In January 1965, Mankiewicz sent his drafts to United Artists (UA), Charles K. Feldman, and Doc Erickson, whom he wanted as production manager. Feldman and UA mutually agreed the framing device was too confusing. Mankiewicz relented and removed it from his next draft, though he retained the dream sequences for the three mistress characters.

===Casting===
In December 1964, Mankiewicz presented his first draft to Rex Harrison. Harrison recalled Mankiewicz "came to see me in New York with this enormous briefcase, a thousand-page manuscript inside. By the end of evening, I'd read it all and agreed to do it. Cecil Fox is a complex character. You must give him a little sympathy because he's a real devil." At one point, Harrison decided he wanted to play William McFly (which went to Cliff Robertson). Rather than accede to Harrison's demands, Mankiewicz looked at other potential candidates such as Christopher Plummer, Cary Grant, and Robert Redford for the role of Fox. After several months, Harrison stayed in his original role.

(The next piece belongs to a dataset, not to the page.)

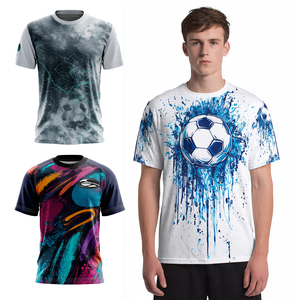 Football Sublimation 100% <b>Polyester</b> <b>Shirt</b> High Quality Football Playing Printed <b>T</b> <b>Shirts</b> Men Short Sleeve Sport Sublimation Tee - Product Image 1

Harrison's wife Rachel Roberts had expressed interest in the role of Sarah Watkins, but Mankiewicz turned her down in favor of Maggie Smith, whose casting was announced in May 1965. Devastated at the rejection, Roberts attempted suicide by overdosing on barbiturates. During filming, Mankiewicz told the Los Angeles Times: "I'm hoping that it will do for Maggie Smith what All About Eve did for Marilyn Monroe and that it will do Susan Hayward what All About Eve did for Bette Davis."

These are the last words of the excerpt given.